In medieval times in England vast amounts of land belonged to the Church; other land was owned privately. Indispensable for the survival of small landowners was the common land (Allmende in French), which was collective arable and forest land used for cultivation and for feeding livestock.

Landholders consisted of the nobility, the Church, and royalty. Serfs were allowed to work certain plots of land in exchange for a percentage of the product they produced. While most serfs were farmers, some were craftsmen, such as blacksmiths or millers. In most serfdoms, serfs were legally part of the land, and if the land was sold, they were sold with it. Medieval manors consisted of a manor house, where the landlord, knight, or baron lived, and a village consisting of peasant houses. These homes were actually one-bedroom huts made from wooden beams, mud and straw. Windows were rare and a hole was left in the roof to allow smoke from fires to escape. During the winter months, warmth was made by allowing the farm animals (goats, sheep, chickens, geese, and often cattle) to sleep inside. Whole families slept on a simple straw or wool mat, leaving little privacy.
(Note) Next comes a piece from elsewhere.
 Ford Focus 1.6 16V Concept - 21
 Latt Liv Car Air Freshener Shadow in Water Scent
The lives of serfs were very strenuous. The lord needed to maintain his authority in order to maintain the social structure. The priest was the bedrock of village life and all members of the community were dependent on him for their religious instruction and obligations. The priest could “proclaim [a serf’s duties], more for the society than for the ploughman; such total servitude is indeed useful to everyone.”[1] Lords and priests who were able to insist that the serf’s role was indeed essential and important to the survival of the community often perpetuated this system.

History of serfdom

Social institutions similar to serfdom were known in ancient times. The status of the helots in the ancient Greek city-state of Sparta resembled that of the medieval serfs, as did the condition of the peasants working on government lands in ancient Rome. These Roman peasants, known as coloni, or "tenant farmers," are some of the possible precursors of the serfs. The Germanic tribes invading the Roman Empire for the most part displaced wealthy Romans as the landlords but left the economic system itself intact.

However, medieval serfdom really began with the breakup of the Carolingian Empire around the tenth century. The demise of this empire, which had ruled much of the western Europe for more than 200 years, was followed by a long period during which no strong central governments existed in most of Europe.
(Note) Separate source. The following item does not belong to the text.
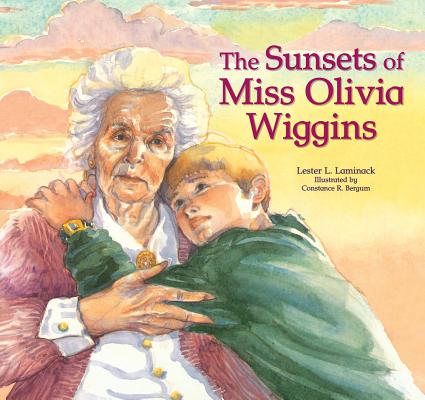 Image for The Sunsets of Miss Olivia Wiggins The Sunsets of Miss Olivia Wiggins
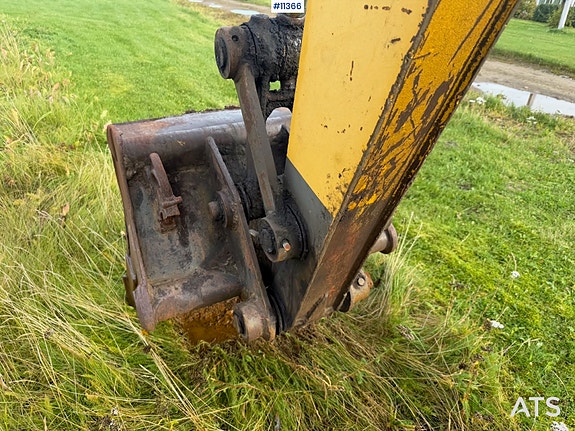 1989 Simitomo LS-1600 FJ gravemaskin 24 of 30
During this period powerful feudal lords encouraged the establishment of serfdom as a source of agricultural labor. Serfdom, indeed, was an institution that reflected a fairly common practice whereby great landlords were assured that others worked to feed them and were held down, legally and economically, while doing so.

This arrangement provided most of the agricultural labor throughout the Middle Ages. Parts of Europe, including much of Scandinavia, never adopted many feudal institutions, including serfdom.

In the later Middle Ages serfdom began to disappear west of the Rhine even as it spread through eastern Europe. This was one important cause for the deep differences between the societies and economies of eastern and western Europe.

In Western Europe, the rise of powerful monarchs, towns, and an improving economy weakened the manorial system through the thirteenth and fourteenth centuries, and serfdom was rare following the Renaissance.

Serfdom in Western Europe came largely to an end in the fifteenth and sixteenth centuries, because of changes in the economy, population, and laws governing lord-tenant relations in Western European nations. The enclosure of manor fields for livestock grazing and for larger arable plots made the economy of serfs’ small strips of land in open fields less attractive to the landowners. Furthermore, the increasing use of money made tenant farming by serfs less profitable; for much less than it cost to support a serf, a lord could now hire workers who were more skilled and pay them in cash. Paid labor was also more flexible since workers could be hired only when they were needed.

At the same time, increasing unrest and uprisings by serfs and peasants, like Tyler’s Rebellion in England in 1381, put pressure on the nobility and the clergy to reform the system. As a result serf and peasant demands were accommodated to some extent by the gradual establishment of new forms of leasing the land and increased personal liberties.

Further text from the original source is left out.